I was hinting at that already and I have done so many times previously. Although I would not claim to be the shiniest of stars, I am starlike—at least, that is how I would describe it. In that spirit, I will deal with some of the—I will not say inaccuracies because that would be too unkind—exaggerations in the hon. Gentleman’s grasp of history. Let us start with when the tolls began. He brings—I do not blame him for this for a second—a certain tribal prejudice to these things and he ascribed the tolls to those he characterised as Tories. He knows, however, that the tolls were first introduced in 1966.
I wonder whether any Member present in the Chamber could remind me of who was in government in 1966. I recall that it was a Labour Government who, when the bridge was first opened, cemented tolls as a means of partly funding the cost of the development. In fairness to the hon. Member for Newport West, he said the Welsh would have accepted any deal at all, but he did not say that they would have accepted any deal from the
then Labour Government, and tolls began at the inception and have continued since. The Chamber will recall that it was a Conservative Government that pegged the tolls in 1992. You will remember the 1992 Act, Mr Davies, which says the tolls can rise only in line with the retail prices index. Indeed, they have risen since then by only that amount.

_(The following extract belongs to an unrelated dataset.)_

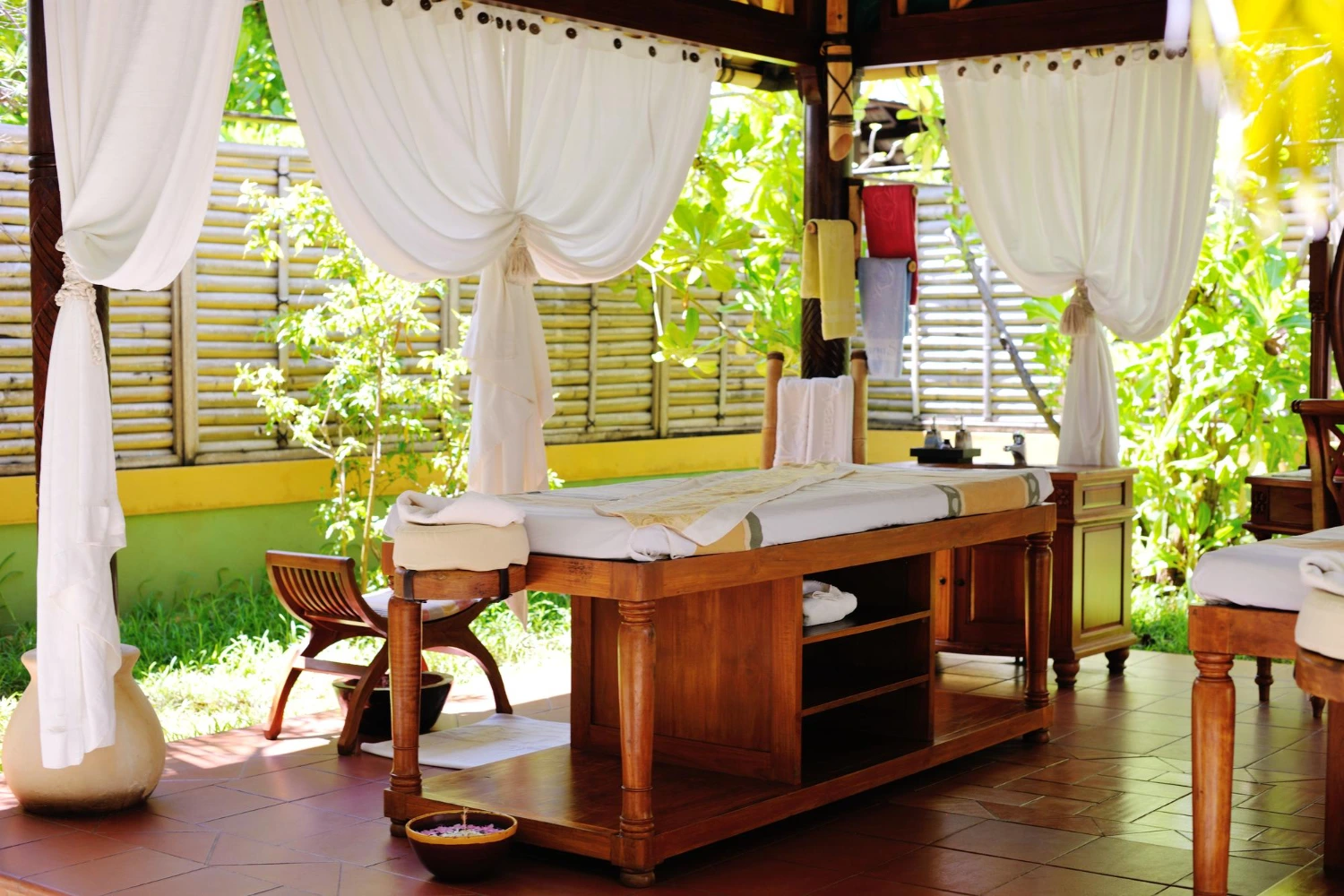 Luxury Resorts in Jim Corbett Premium Soa Experiences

Before I move on to the main substance of my remarks—I do not want to short-change any hon. Member by not dealing with the specific questions that they raised—I have one other historical matter to deal with. The Rebecca riots, which began in 1839 as the hon. Member for Newport West said, concluded in 1844, as he will also know, for several reasons. It is true that extra troops were deployed to dissuade those who were rioting from taking action against the tolls; it is true, too, that many of those who were causing disturbances resisted the violence that some of their compatriots recommended; but it is also true—the hon. Gentleman will want me to fill the gap and add to the quality of his account—that criminal gangs became involved in the riots. They used the disguise of the original complaint of the rioters to engage in all kinds of malevolent activities. That is the full account of the Rebecca riots for those who are interested in the history of such things and want an unabridged, uncorrupted and balanced account of those events.